======== EXERCISE INPUTS ========

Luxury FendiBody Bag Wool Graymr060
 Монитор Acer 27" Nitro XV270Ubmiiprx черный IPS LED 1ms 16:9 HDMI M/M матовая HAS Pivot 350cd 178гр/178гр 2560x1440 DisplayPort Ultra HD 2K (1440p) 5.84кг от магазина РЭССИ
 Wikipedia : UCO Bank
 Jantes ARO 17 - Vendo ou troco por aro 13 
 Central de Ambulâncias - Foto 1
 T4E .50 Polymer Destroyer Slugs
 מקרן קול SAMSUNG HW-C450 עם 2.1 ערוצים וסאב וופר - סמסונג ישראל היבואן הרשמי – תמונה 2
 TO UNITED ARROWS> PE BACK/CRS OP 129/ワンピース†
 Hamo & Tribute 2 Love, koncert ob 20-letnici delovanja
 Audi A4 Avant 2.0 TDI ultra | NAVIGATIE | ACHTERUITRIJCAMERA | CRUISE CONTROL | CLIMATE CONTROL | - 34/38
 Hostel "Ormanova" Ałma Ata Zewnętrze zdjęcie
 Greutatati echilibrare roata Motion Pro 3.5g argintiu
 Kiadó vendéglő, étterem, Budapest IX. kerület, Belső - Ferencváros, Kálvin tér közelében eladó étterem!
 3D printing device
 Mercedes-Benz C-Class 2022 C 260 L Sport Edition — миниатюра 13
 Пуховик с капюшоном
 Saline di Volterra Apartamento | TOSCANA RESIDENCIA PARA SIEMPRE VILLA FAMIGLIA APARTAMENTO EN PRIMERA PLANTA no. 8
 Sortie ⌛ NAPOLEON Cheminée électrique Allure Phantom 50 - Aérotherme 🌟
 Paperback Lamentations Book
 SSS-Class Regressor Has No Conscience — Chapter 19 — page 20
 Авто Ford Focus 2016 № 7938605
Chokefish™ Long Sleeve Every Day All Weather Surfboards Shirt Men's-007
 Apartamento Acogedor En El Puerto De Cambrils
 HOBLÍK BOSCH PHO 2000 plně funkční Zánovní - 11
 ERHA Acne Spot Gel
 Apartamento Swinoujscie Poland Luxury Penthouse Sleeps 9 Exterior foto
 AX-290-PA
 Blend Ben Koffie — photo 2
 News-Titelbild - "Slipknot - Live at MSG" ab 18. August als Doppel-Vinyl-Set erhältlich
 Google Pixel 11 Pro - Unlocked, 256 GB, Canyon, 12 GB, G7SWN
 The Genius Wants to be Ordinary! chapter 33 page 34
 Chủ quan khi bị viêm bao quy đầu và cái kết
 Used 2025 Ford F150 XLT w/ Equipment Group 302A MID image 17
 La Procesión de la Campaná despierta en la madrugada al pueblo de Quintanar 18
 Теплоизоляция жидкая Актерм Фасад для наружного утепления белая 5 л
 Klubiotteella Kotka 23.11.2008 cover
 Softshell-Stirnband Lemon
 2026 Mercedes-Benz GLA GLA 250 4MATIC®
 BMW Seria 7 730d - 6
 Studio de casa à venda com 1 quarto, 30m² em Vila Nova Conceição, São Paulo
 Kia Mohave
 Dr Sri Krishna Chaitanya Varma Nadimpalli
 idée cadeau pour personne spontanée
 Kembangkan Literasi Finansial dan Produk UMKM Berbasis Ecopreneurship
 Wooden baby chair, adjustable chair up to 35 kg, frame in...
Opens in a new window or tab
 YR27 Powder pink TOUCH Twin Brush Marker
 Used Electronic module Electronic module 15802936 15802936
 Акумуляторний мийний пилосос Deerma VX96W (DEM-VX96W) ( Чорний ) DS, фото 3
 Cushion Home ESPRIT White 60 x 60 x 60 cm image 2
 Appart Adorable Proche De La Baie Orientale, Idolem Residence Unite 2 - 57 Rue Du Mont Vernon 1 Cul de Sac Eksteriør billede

========

▶ _WHAT IS EXPECTED_
Look through the material above and print exactly the lines from the one containing "Blend Ben Koffie — photo 2" to the one containing "Opens in a new window or tab", both included, and nothing more.

▶ _FINISHED EXERCISE_
 Blend Ben Koffie — photo 2
 News-Titelbild - "Slipknot - Live at MSG" ab 18. August als Doppel-Vinyl-Set erhältlich
 Google Pixel 11 Pro - Unlocked, 256 GB, Canyon, 12 GB, G7SWN
 The Genius Wants to be Ordinary! chapter 33 page 34
 Chủ quan khi bị viêm bao quy đầu và cái kết
 Used 2025 Ford F150 XLT w/ Equipment Group 302A MID image 17
 La Procesión de la Campaná despierta en la madrugada al pueblo de Quintanar 18
 Теплоизоляция жидкая Актерм Фасад для наружного утепления белая 5 л
 Klubiotteella Kotka 23.11.2008 cover
 Softshell-Stirnband Lemon
 2026 Mercedes-Benz GLA GLA 250 4MATIC®
 BMW Seria 7 730d - 6
 Studio de casa à venda com 1 quarto, 30m² em Vila Nova Conceição, São Paulo
 Kia Mohave
 Dr Sri Krishna Chaitanya Varma Nadimpalli
 idée cadeau pour personne spontanée
 Kembangkan Literasi Finansial dan Produk UMKM Berbasis Ecopreneurship
 Wooden baby chair, adjustable chair up to 35 kg, frame in...
Opens in a new window or tab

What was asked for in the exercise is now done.